**** SOURCE MATERIAL ****

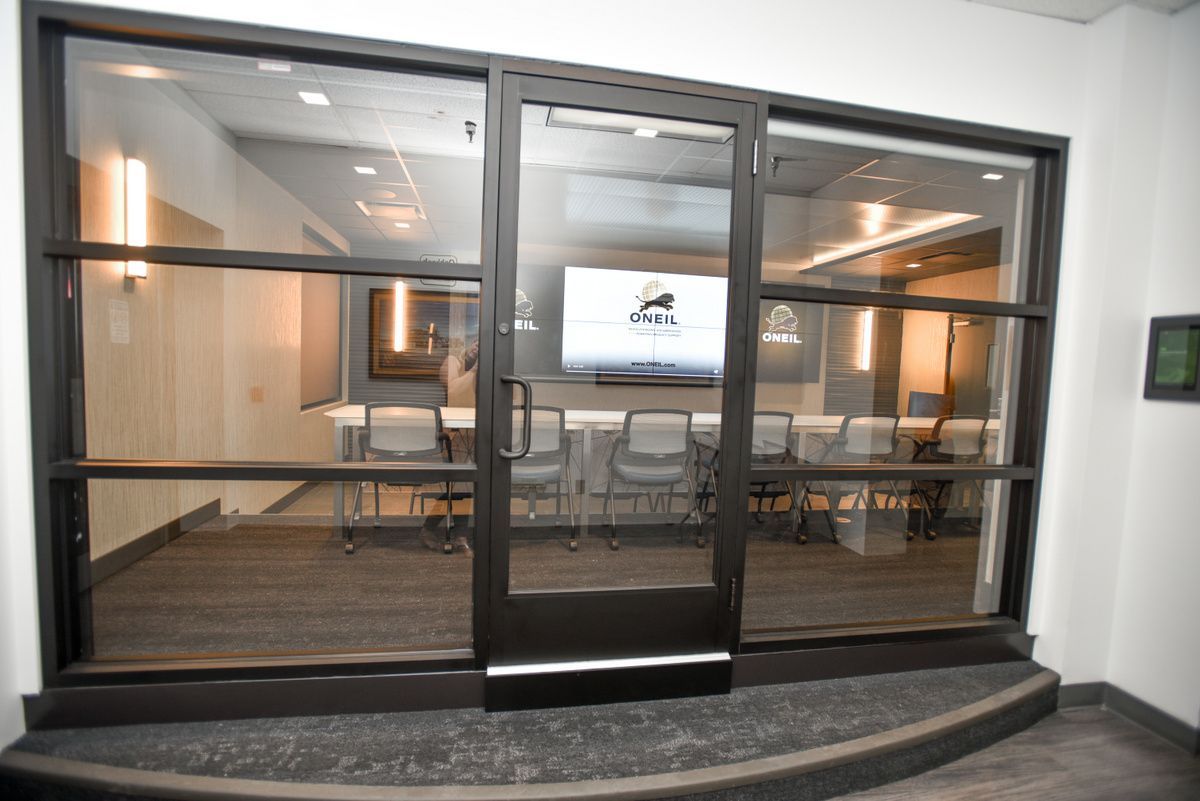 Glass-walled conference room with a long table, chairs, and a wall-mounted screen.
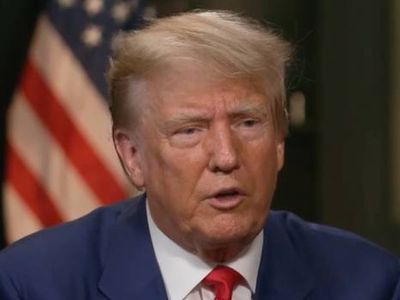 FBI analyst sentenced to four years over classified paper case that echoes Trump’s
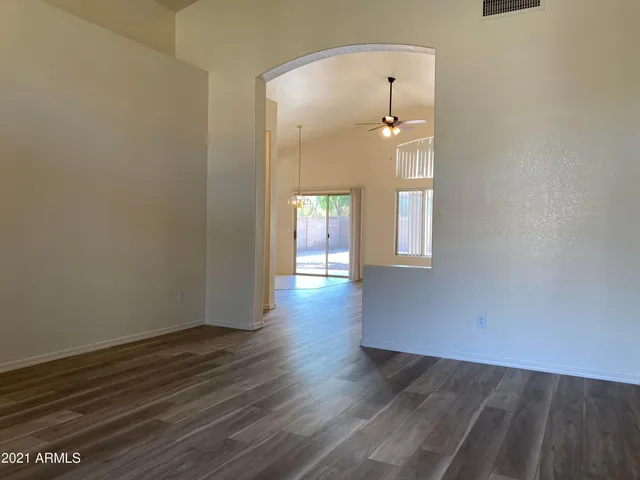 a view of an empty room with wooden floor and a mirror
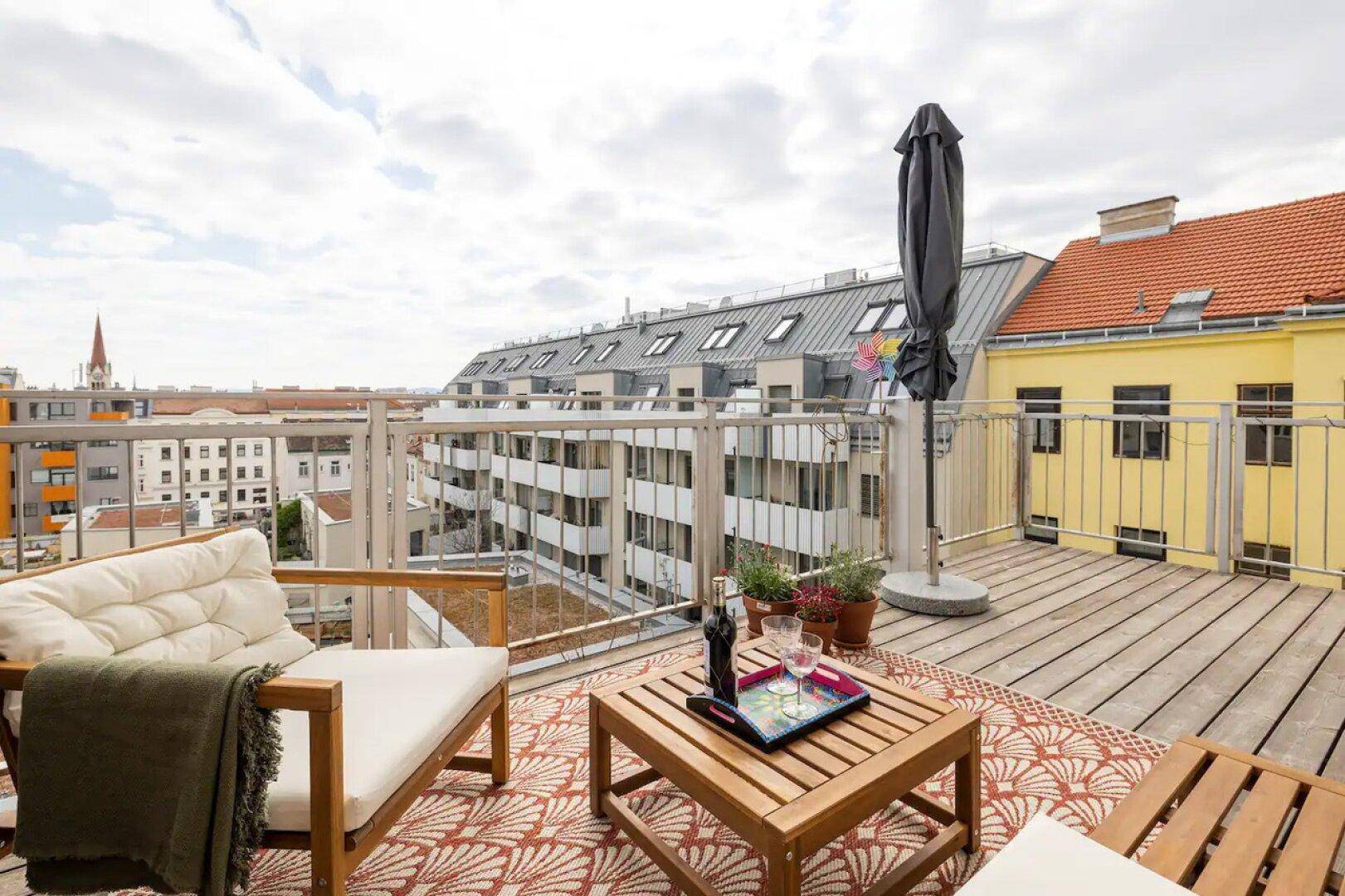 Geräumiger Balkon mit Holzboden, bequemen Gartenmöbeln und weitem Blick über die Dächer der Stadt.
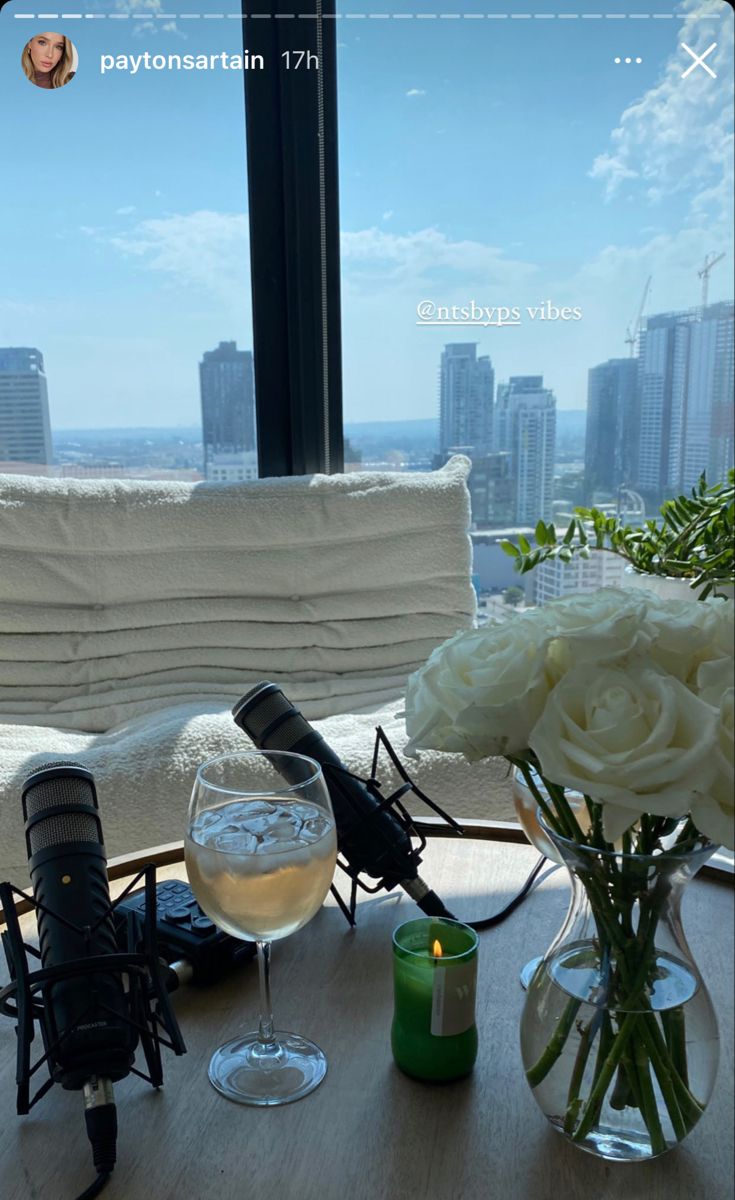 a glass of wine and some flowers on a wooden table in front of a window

****

- _WHAT NEEDS TO BE DONE_: Reproduce exactly, with every picture left out, the lines from the one that contains "a view of an" to the final line of the records above.

- _RESULT BELOW_:
 a view of an empty room with wooden floor and a mirror
 Geräumiger Balkon mit Holzboden, bequemen Gartenmöbeln und weitem Blick über die Dächer der Stadt.
 a glass of wine and some flowers on a wooden table in front of a window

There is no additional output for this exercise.